Ruth Arntsen, residente en Sundvollen desde hace ya más de dos décadas, madre de dos hijos, nunca pensó que un buen día del verano del 2011 debería pasar toda la noche encerrada en su casa con el cerrojo de la puerta echado y aterrorizada ante la posibilidad de que extraños pudieran entrar. "Estamos rezando por toda esta gente", admite, asida con fuerza de la mano de su marido, mientras contemplaba desde lejos el hotel donde fueron concentrados algunos de los supervivientes y familiares de los muertos en Utoya.

El día anterior, en medio de la confusión, nadie sabía a ciencia cierta en la población qué es lo que estaba sucediendo o si había más atacantes por la zona, y había que extremar las precauciones. Y es que en medio de este idílico paisaje, casi de ensueño, formado por frondosos bosques, agua e islas, y salpicado de encantadoras casitas de madera y omnipresentes banderas nacionales noruegas, nadie podía imaginarse que una tragedia de tales dimensiones pudiera suceder precisamente aquí.

El corazón de Noruega dejó ayer de latir, mientras los ciudadanos intentaban asimilar lo sucedido. Las calles de Oslo, la coqueta aunque anodina capital noruega, aparecían desiertas; la inmensa mayoría de los cafés y bares del centro habían cerrado sus puertas, y las terrazas tenían las sillas y mesas recogidas, una escena impropia de un sábado por la tarde en un país nórdico donde la gente aprovecha los meses de verano para salir a la calle.

Todos los comercios también habían bajado sus persianas, porque nadie parecía tener humor para ir de compras. El rápido y moderno tren que une el aeropuerto con la capital había dejado de funcionar, y los viajeros tenían que contentarse con un autobús que tarda casi el doble de tiempo de lo que necesitaba el ferrocarril para llegar hasta la ciudad.
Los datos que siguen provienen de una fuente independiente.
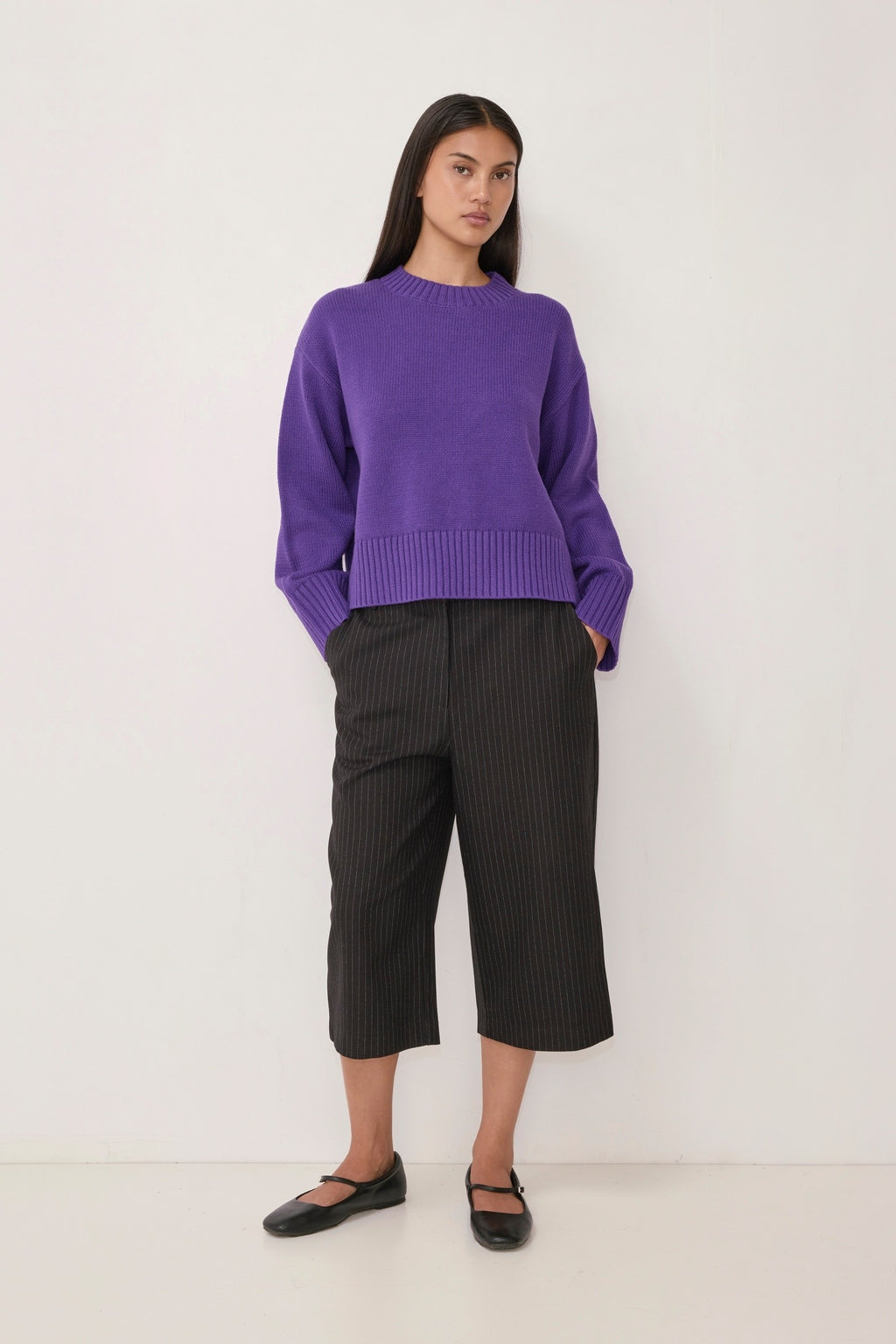 Sasha Sweater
Los edificios oficiales, sin excepción, lucían la bandera noruega ondeando a media asta en señal de duelo, y muy pocos vehículos iban o venían por la impecable calzada de la principal urbe del país. Desde la serpenteante carretera en dirección a las localidades de Sundvollen y Honefoss --que rodea fiordos y riachuelos y asciende y desciende colinas-- podía verse cómo las pequeñas embarcaciones a motor con las que muchos noruegos aprovechan los días de estío para salir a navegar estaban, sin excepción, atracadas en sus muelles. Pese a que el sol lució durante todo el día y la temperatura era agradable y rondaba los 21 grados, nadie tenía ganas de disfrutar de la naturaleza.

En guardia

Quienes sí se dejaban ver en Oslo sin disimulo eran los soldados del Ejército y la policía, con el rostro en tensión. En la estación de autobuses de la ciudad apenas se registraba movimiento de viajeros, y los empleados de seguridad de la terminal no ocultaban su nerviosismo ante la posibilidad de que se hubieran colocado nuevos artefactos explosivos. Constantemente abrían los lavabos y se cercioraban de que nadie había dejado abandonado algún paquete sospechoso en alguna cabina.

La televisión ofrecía una cobertura ininterrumpida y en directo de los acontecimientos, con conexiones permanentes con reporteros desplazados a las comisarías, a los exteriores del Hotel de Sundvollen o a la isla escenario de la masacre del día anterior. En uno de los cafés de la terminal de autobuses, ante el aparato de televisión encendido, se había formado un pequeño corrillo de gente que se había quedado absorta, tratando de entender lo que había pasado.